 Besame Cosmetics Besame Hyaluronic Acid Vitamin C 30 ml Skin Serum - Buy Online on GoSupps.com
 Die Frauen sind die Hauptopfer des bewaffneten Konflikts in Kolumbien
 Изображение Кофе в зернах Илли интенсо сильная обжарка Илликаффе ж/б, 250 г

...

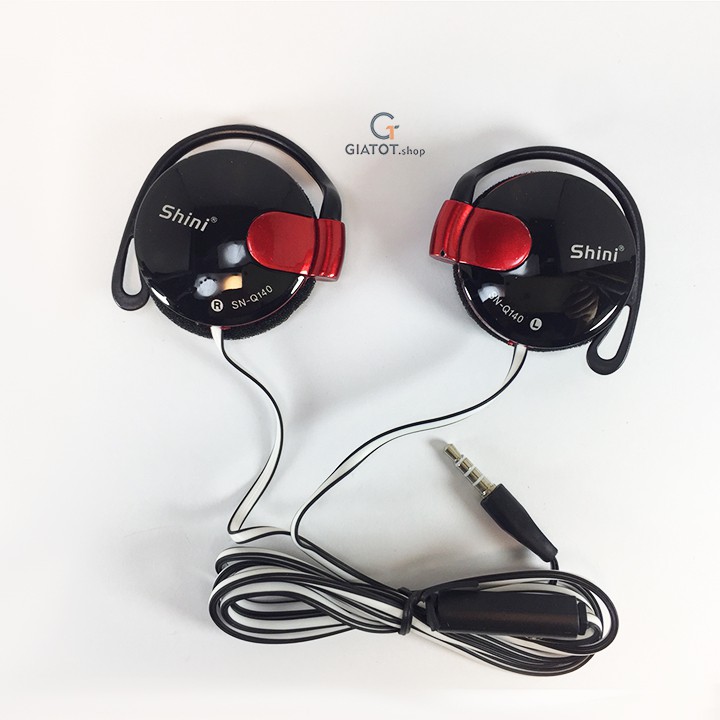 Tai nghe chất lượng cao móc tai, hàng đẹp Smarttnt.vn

> _Task details_
Out of the data above, set down the lines from the one with "Die Frauen sind" to the one with "Изображение Кофе в", both included, exactly as written and with no additions.

> _Task output_
 Die Frauen sind die Hauptopfer des bewaffneten Konflikts in Kolumbien
 Изображение Кофе в зернах Илли интенсо сильная обжарка Илликаффе ж/б, 250 г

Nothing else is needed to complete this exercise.